// Overview / Examples / API / FAQ
SWAR: SIMD Within A Register library
- Performance (branchless)
- Portable (uses 'normal' registers)
- Single header (https://raw.githubusercontent.com/qlibs/swar/main/swar - for integration see FAQ)
- Minimal API
- Verifies itself upon include (can be disabled with
-DNTEST
- see FAQ)
- C++20 (clang++13+, g++12)
constexpr u8 data[]{1, 2, 3, 5, 5, 6, 7, 8};
constexpr swar<u8> lhs{data}; // copy_from
constexpr swar<u8> rhs{5}; // broadcast (native: u64)
static_assert(8u == lhs.size());
static_assert(sizeof(u64) == sizeof(lhs));
constexpr auto match = lhs == rhs;
static_assert(any_of(match));
static_assert(some_of(match));
static_assert(not all_of(match));
static_assert(not none_of(match));
static_assert(3u == find_first_set(match));
static_assert(4u == find_last_set(match));
static_assert(2u == popcount(match));
static_assert(match[3u] and match[4u]);
static_assert(sizeof(u32) == sizeof(swar<u8, 4u>));
static_assert(sizeof(u64) == sizeof(swar<u8, 8u>));
static_assert(sizeof(u32) == sizeof(swar<u16, 2u>));
static_assert(sizeof(u64) == sizeof(swar<u16, 4u>));
static_assert(sizeof(u64) == sizeof(swar<u32, 2u>));
static_assert(sizeof(u128) == sizeof(swar<u32, 4u>));
// and more (see API)...
Performance (https://godbolt.org/z/ManGb8aso)

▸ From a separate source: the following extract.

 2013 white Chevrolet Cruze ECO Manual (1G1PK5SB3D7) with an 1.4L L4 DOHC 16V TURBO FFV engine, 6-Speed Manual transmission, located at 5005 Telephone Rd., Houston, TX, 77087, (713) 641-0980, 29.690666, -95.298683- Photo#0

auto eq(swar<u8> lhs, swar<u8> rhs) {
return lhs == rhs;
}
eq: // $CXX -O3 -mno-sse -mno-sse2 -mno-sse3 -mno-avx
movabs rdx, -9187201950435737472
xor rdi, rsi
movabs rax, 72340172838076672
or rdi, rdx
sub rax, rdi
and rax, rdx
ret
auto contains(swar<u8> lhs, u8 value) {
const auto rhs = swar<u8>{value};
const auto match = lhs == rhs;
return any_of(match);
}
contains: // $CXX -O3 -mno-sse -mno-sse2 -mno-sse3 -mno-avx
movabs rax, 72340172838076673
movzx esi, sil
movabs rdx, -9187201950435737472
imul rsi, rax
sub rax, 1
xor rdi, rsi
or rdi, rdx
sub rax, rdi
test rax, rdx
setne al
ret
auto find(swar<u8> lhs, u8 value) {
const auto rhs = swar<u8>{value};
const auto match = lhs == rhs;
return any_of(match) * find_first_set(match);
}
find: // $CXX -O3 -mno-sse -mno-sse2 -mno-sse3 -mno-avx
movabs rax, 72340172838076673
movzx esi, sil
movabs rdx, 72340172838076672
imul rsi, rax
movabs rax, -9187201950435737472
xor rdi, rsi
or rdi, rax
sub rdx, rdi
and rdx, rax
xor eax, eax
rep bsf rax, rdx
test rdx, rdx
mov edx, 0
cmove rax, rdx
ret
swar vs simd (https://godbolt.org/z/YsG8evqr8)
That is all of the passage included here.